::: RECORDS PROVIDED

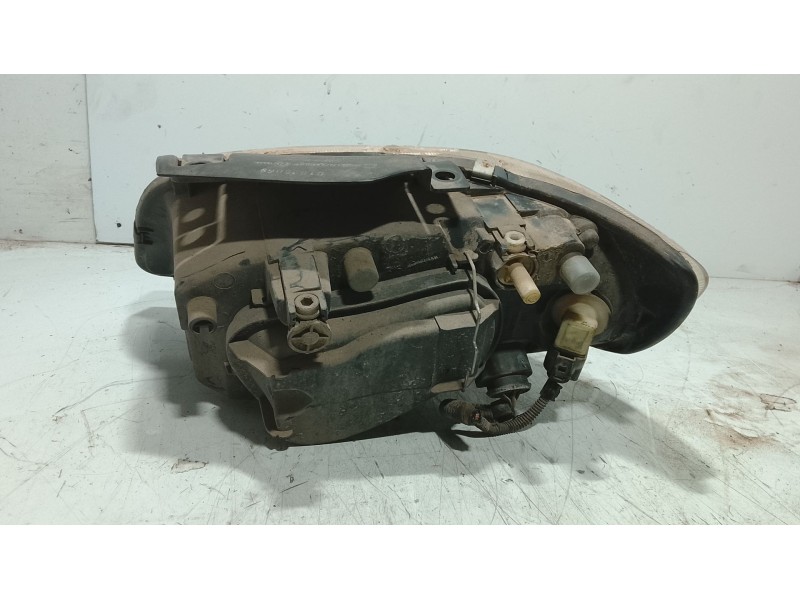Recambio de faro derecho para seat ibiza ii (6k1) 1.9 sdi referencia OEM IAM   
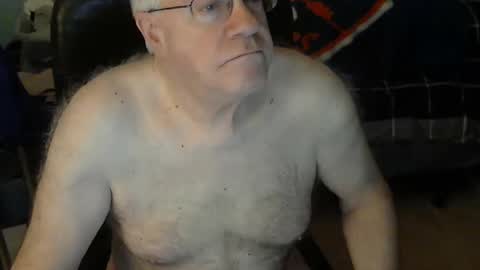 islesman22 online show from March 8, 10:50 am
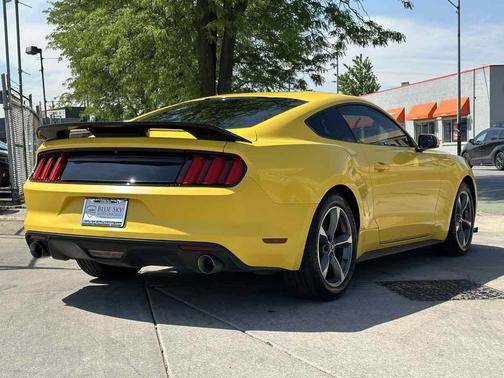 Triple Yellow Tri-Coat 2015 Ford Mustang V6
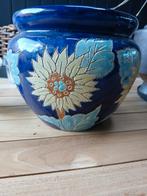 Blauwe bloempot met zonnebloem motief, Antiek en Kunst, Antiek | Keramiek en Aardewerk, Ophalen of Verzenden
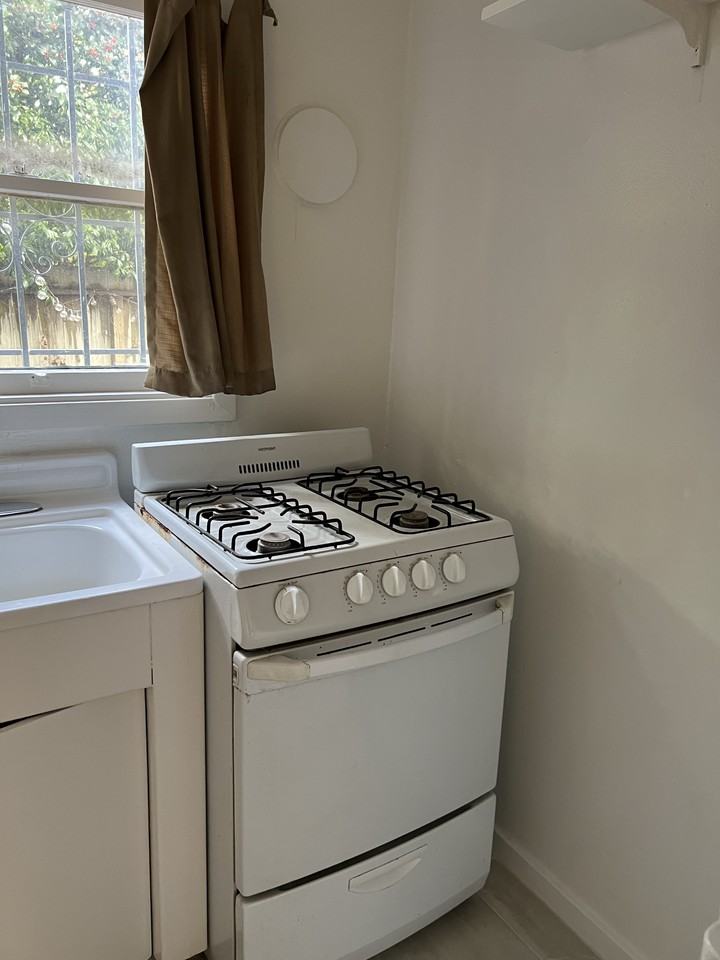 3475 Pierce St #5 - Photo 6 of 6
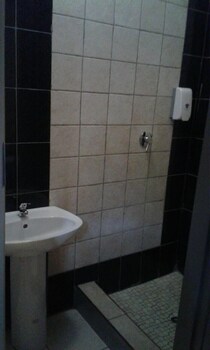 royal crown guesthouse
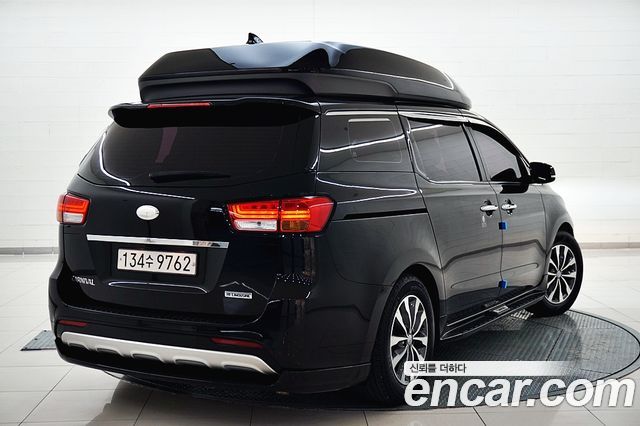 Kia Carnival 9-seater Hi-Limousine Luxury — пробег 94 075 км — фото 5 из 5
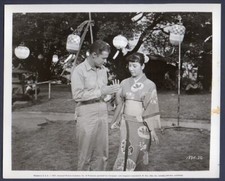 Audie Murphy & Keiko Shima Japanese actress JOE BUTTERFLY Vintage Orig Photo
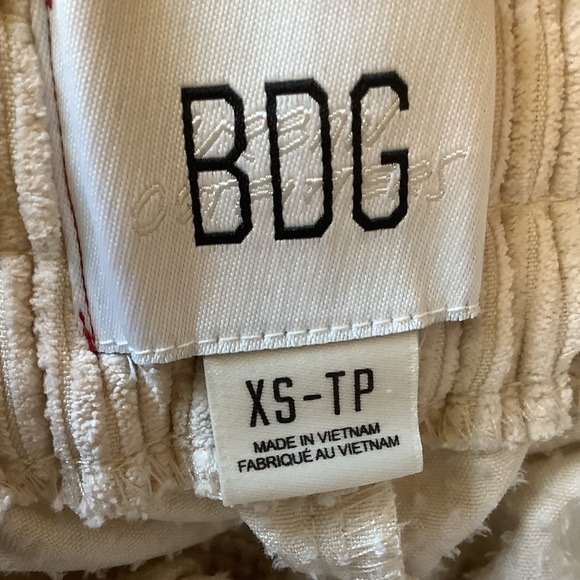 BDG Corduroy pants!✨ - Picture 3 of 4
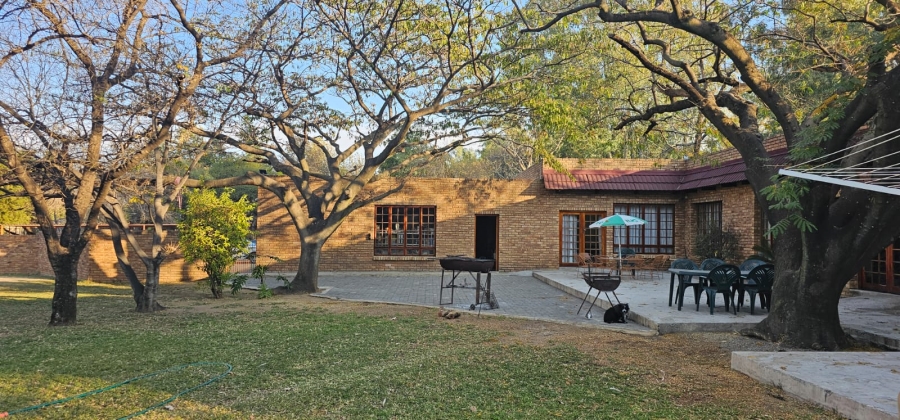 Commercial Property for Sale in Waterglen A H North West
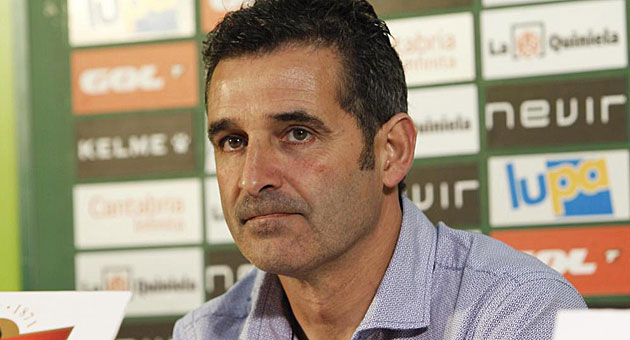 Pinillos en rueda de prensa / Jos� Ram�n Gonz�lez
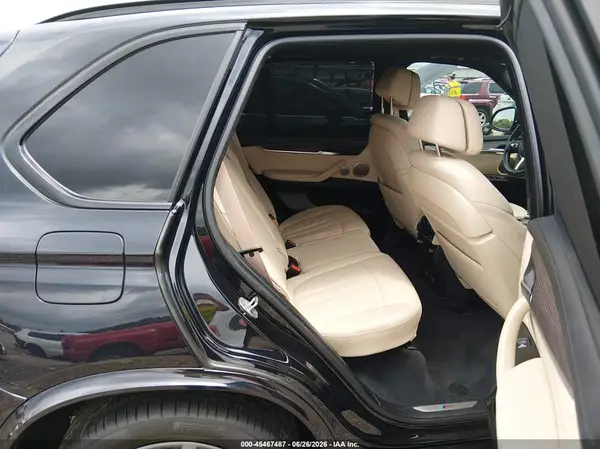 5UXKR2C54J0X10455 2018 BMW X5 - Image 8
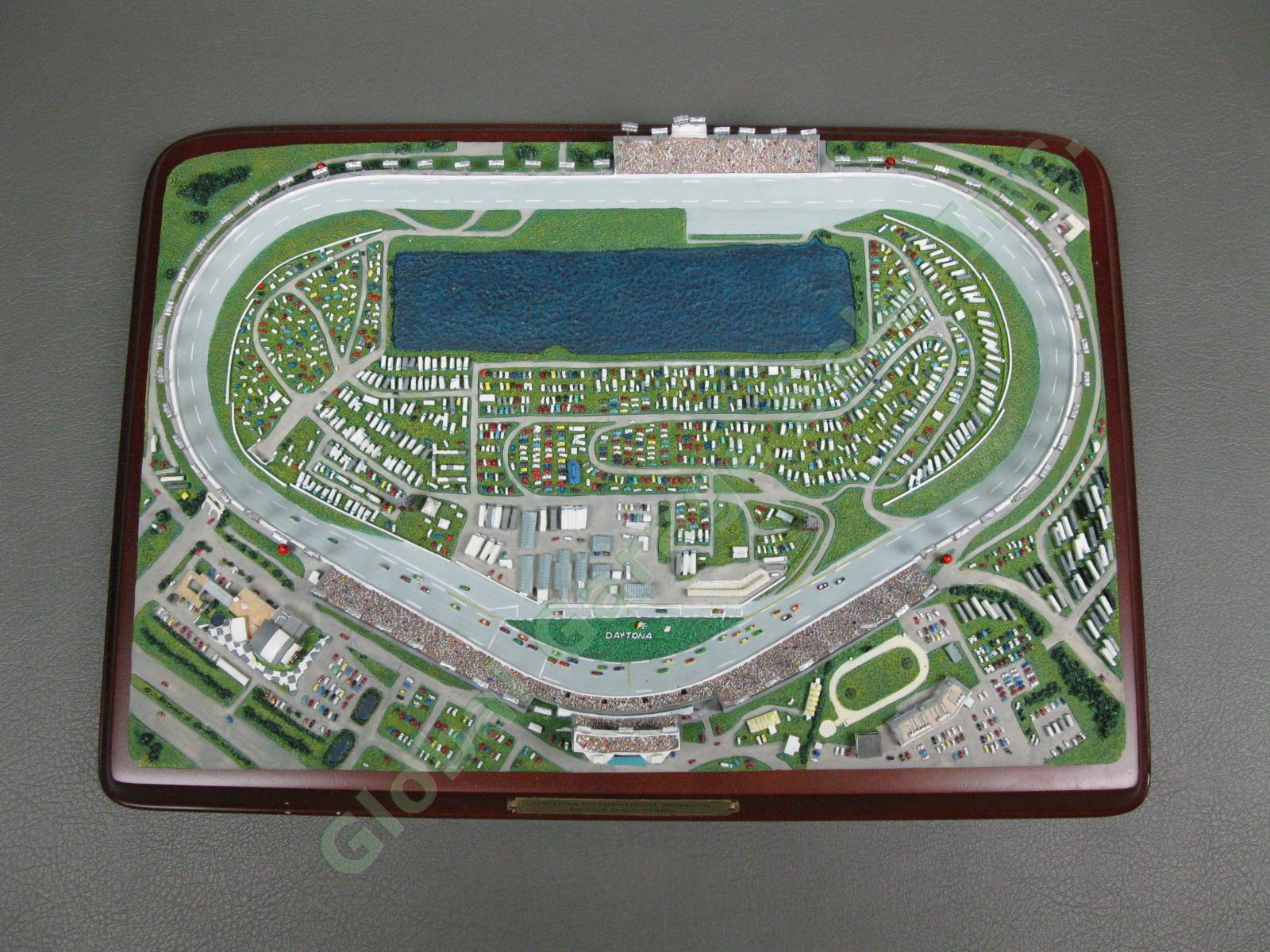 Danbury Mint Daytona 500 International Speedway NASCAR Racetrack Replica Race NR 2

::::::

• [EXERCISE DESCRIPTION]: From the line with "Kia Carnival 9-seater" to the final line of the records, inclusive, set down the lines exactly and add nothing; leave every picture out.

• [RESPONSE TO THIS EXERCISE]:
 Kia Carnival 9-seater Hi-Limousine Luxury — пробег 94 075 км — фото 5 из 5
 Audie Murphy & Keiko Shima Japanese actress JOE BUTTERFLY Vintage Orig Photo
 BDG Corduroy pants!✨ - Picture 3 of 4
 Commercial Property for Sale in Waterglen A H North West
 Pinillos en rueda de prensa / Jos� Ram�n Gonz�lez
 5UXKR2C54J0X10455 2018 BMW X5 - Image 8
 Danbury Mint Daytona 500 International Speedway NASCAR Racetrack Replica Race NR 2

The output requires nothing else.